Patch is Enough: Naturalistic Adversarial Patch against Vision-Language Pre-training Models

Dehong Kong,Siyuan Liang,Xiaopeng Zhu,Yuansheng Zhong,Wenqi Ren
2024-10-07
Abstract:Visual language pre-training (VLP) models have demonstrated significant success across various domains, yet they remain vulnerable to adversarial attacks. Addressing these adversarial vulnerabilities is crucial for enhancing security in multimodal learning. Traditionally, adversarial methods targeting VLP models involve simultaneously perturbing images and text. However, this approach faces notable challenges: first, adversarial perturbations often fail to translate effectively into real-world scenarios; second, direct modifications to the text are conspicuously visible. To overcome these limitations, we propose a novel strategy that exclusively employs image patches for attacks, thus preserving the integrity of the original text. Our method leverages prior knowledge from diffusion models to enhance the authenticity and naturalness of the perturbations. Moreover, to optimize patch placement and improve the efficacy of our attacks, we utilize the cross-attention mechanism, which encapsulates intermodal interactions by generating attention maps to guide strategic patch placements.

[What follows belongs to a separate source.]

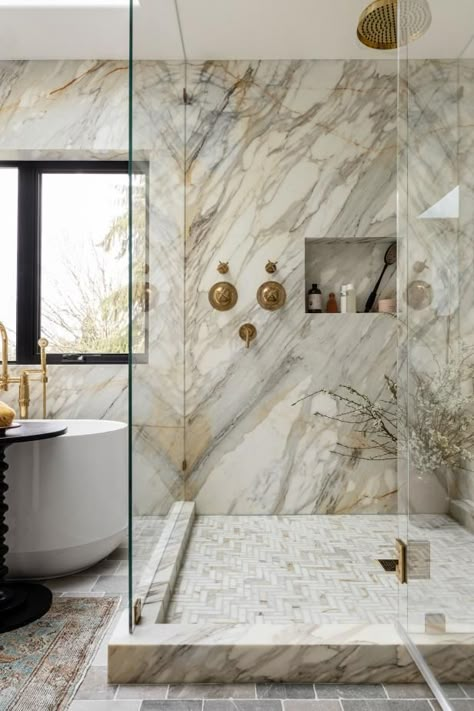 2024 Bathroom, Glamorous Bathroom, Spa Bathroom, Bathroom Transformation, Sweet Water, Marble Showers, Shower Floor Tile, Bad Inspiration, Wet Room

Comprehensive experiments conducted in a white-box setting for image-to-text scenarios reveal that our proposed method significantly outperforms existing techniques, achieving a 100% attack success rate. Additionally, it demonstrates commendable performance in transfer tasks involving text-to-image configurations.
Computer Vision and Pattern Recognition,Artificial Intelligence
What problem does this paper attempt to address?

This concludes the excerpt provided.